• [PROBLEM DESCRIPTION]: For this exercise, output exactly the lines from the opening line of the listing through the line with "Project Work: Study", skipping pictures.

• [MATERIAL TO PROCESS]:

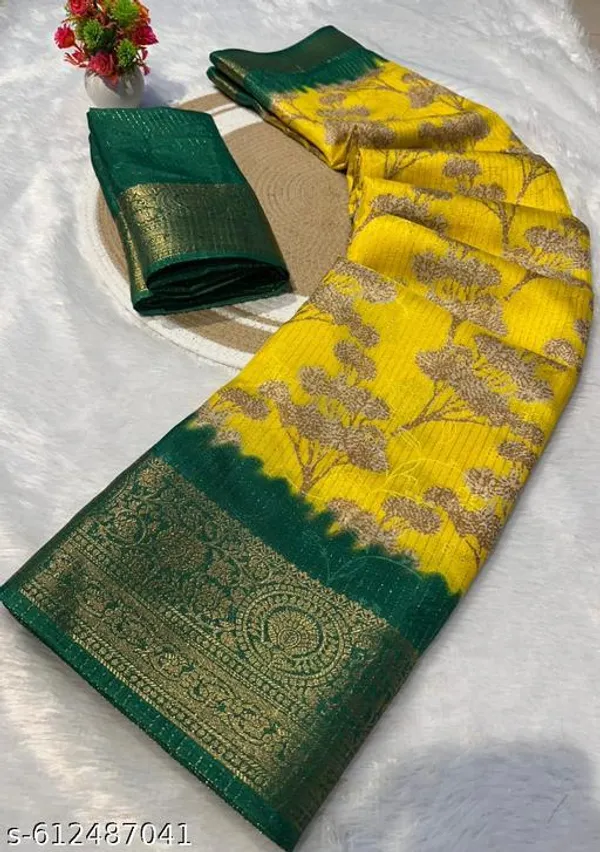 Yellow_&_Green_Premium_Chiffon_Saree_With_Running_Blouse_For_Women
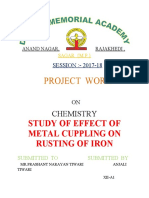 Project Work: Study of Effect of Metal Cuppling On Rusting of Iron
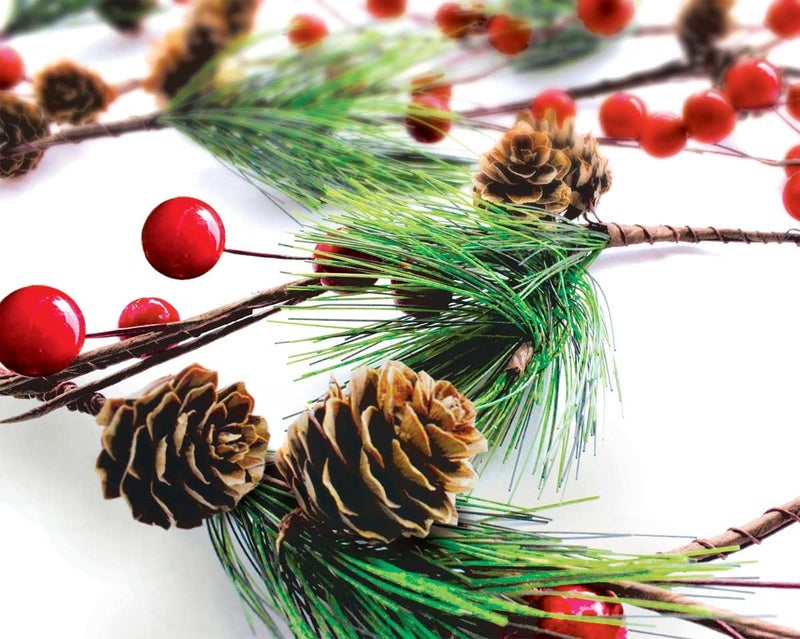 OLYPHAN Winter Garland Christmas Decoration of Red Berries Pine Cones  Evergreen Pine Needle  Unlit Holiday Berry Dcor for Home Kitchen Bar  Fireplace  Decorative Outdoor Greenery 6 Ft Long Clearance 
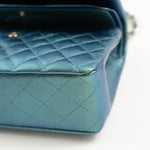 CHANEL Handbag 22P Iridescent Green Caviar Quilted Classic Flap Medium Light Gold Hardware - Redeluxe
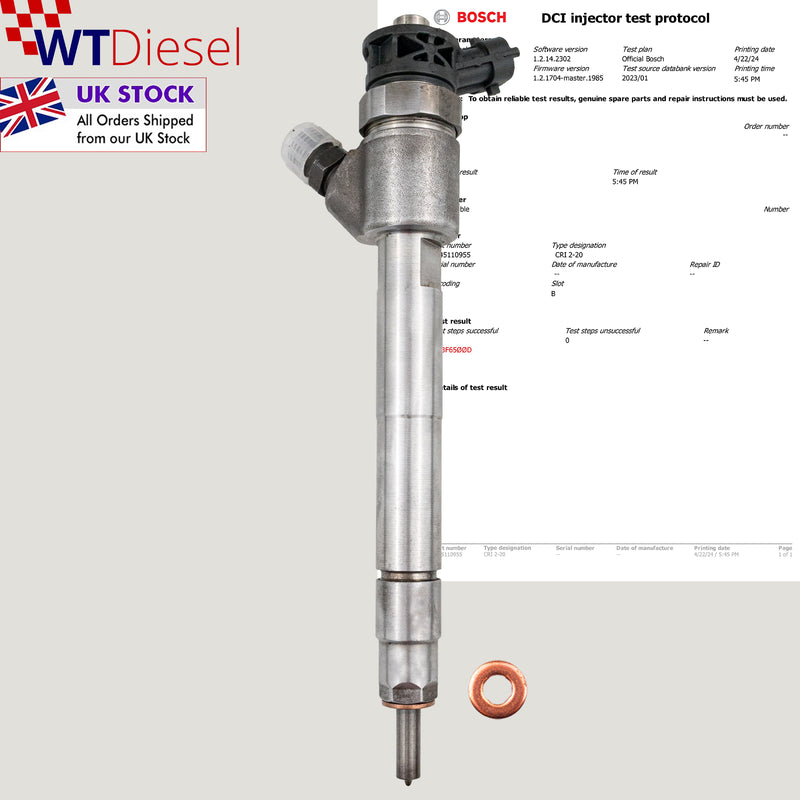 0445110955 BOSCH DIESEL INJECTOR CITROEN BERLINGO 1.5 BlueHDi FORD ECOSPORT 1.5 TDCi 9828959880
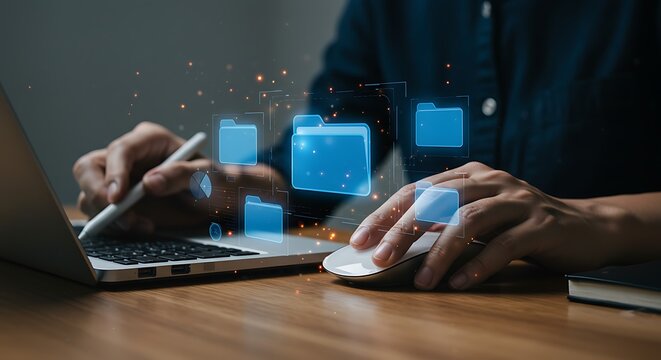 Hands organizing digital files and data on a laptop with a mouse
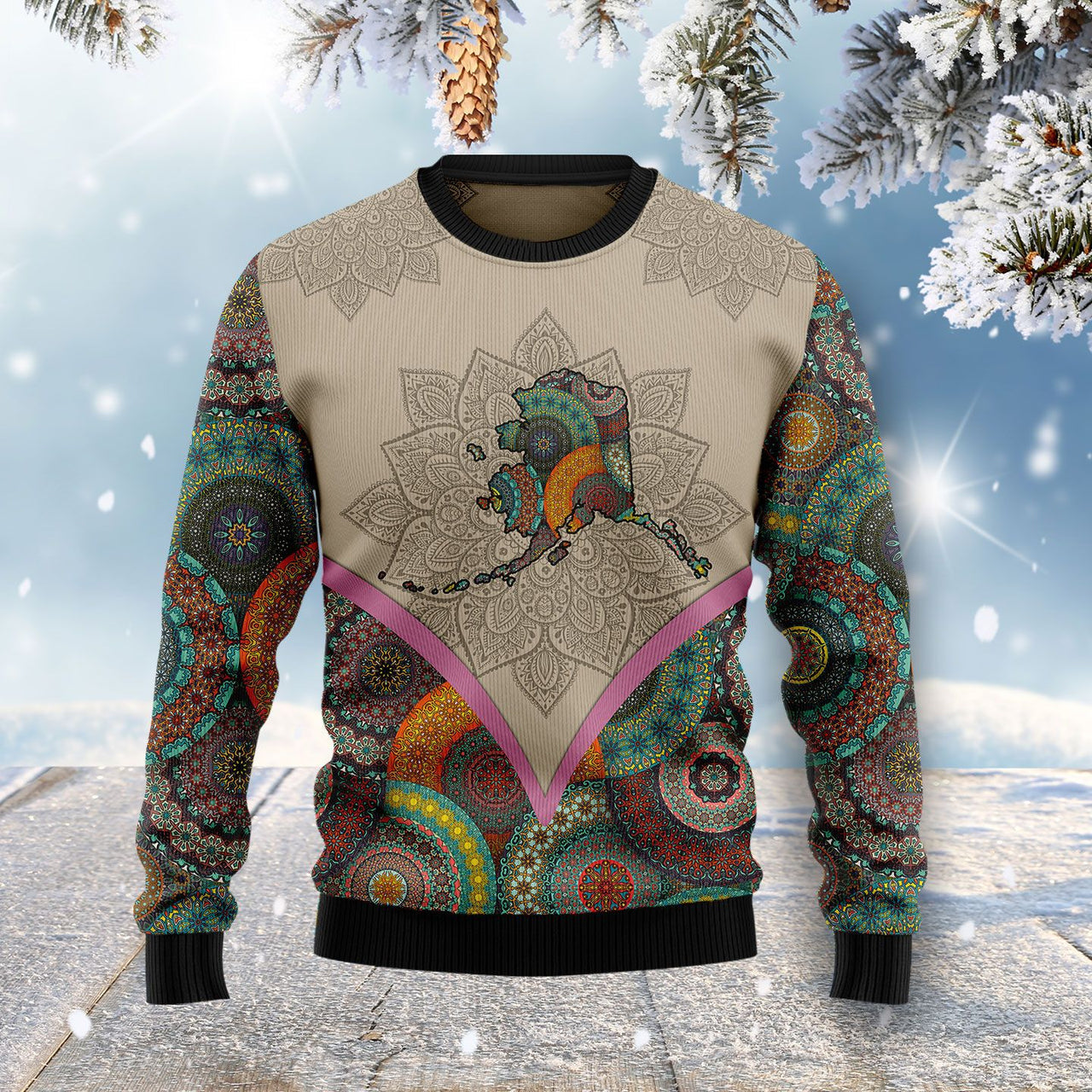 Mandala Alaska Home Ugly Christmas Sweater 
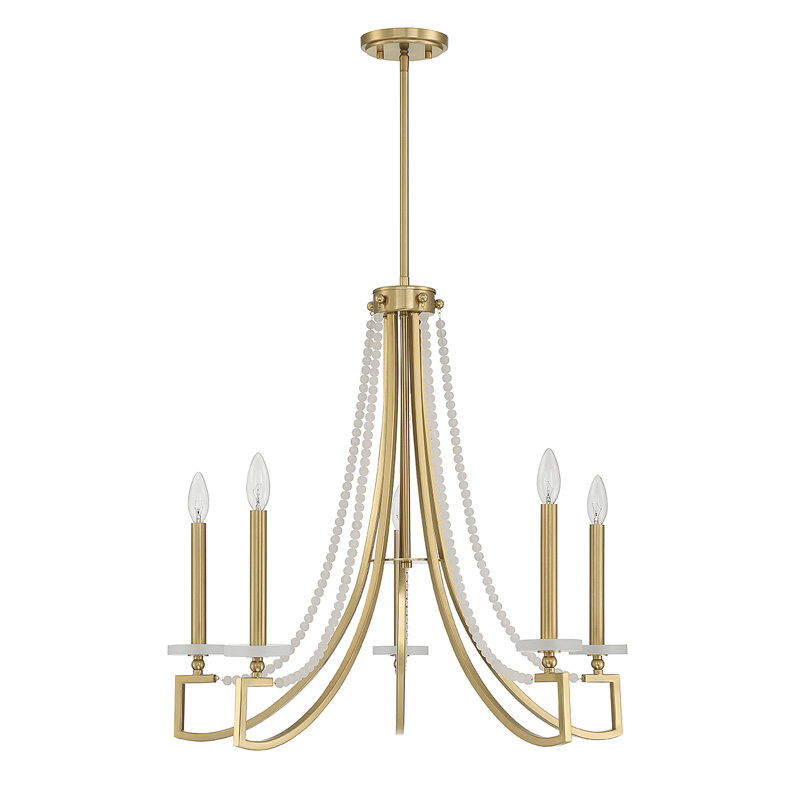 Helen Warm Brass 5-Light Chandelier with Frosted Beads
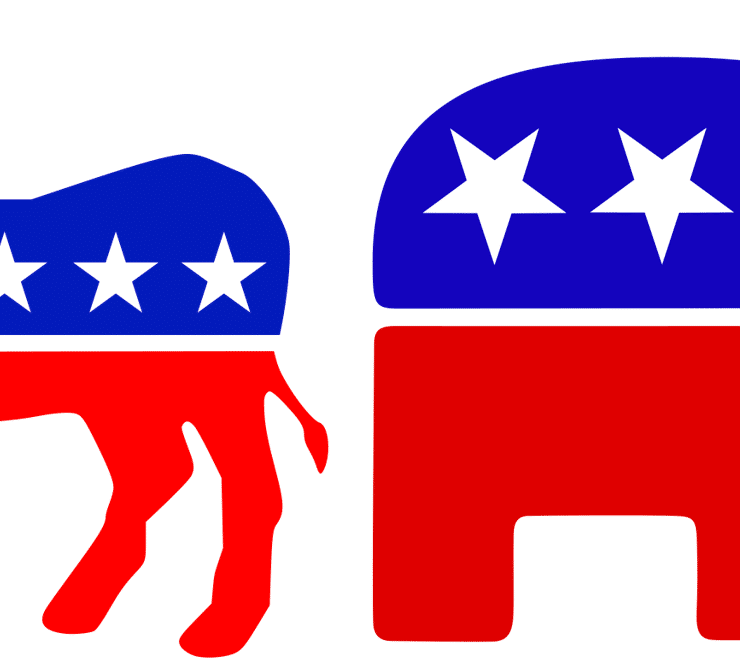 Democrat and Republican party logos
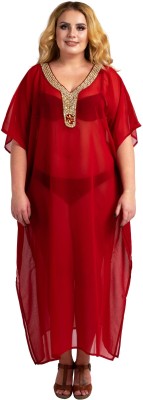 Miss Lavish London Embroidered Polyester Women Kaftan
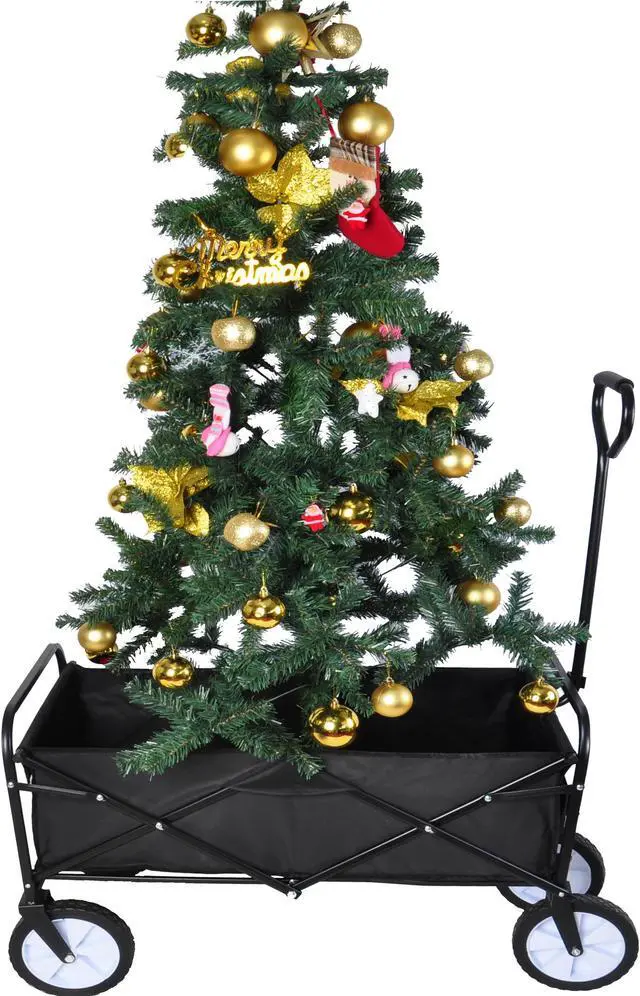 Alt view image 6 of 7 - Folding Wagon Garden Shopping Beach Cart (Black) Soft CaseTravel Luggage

• [EXERCISE RESPONSE]:
 Yellow_&_Green_Premium_Chiffon_Saree_With_Running_Blouse_For_Women
 Project Work: Study of Effect of Metal Cuppling On Rusting of Iron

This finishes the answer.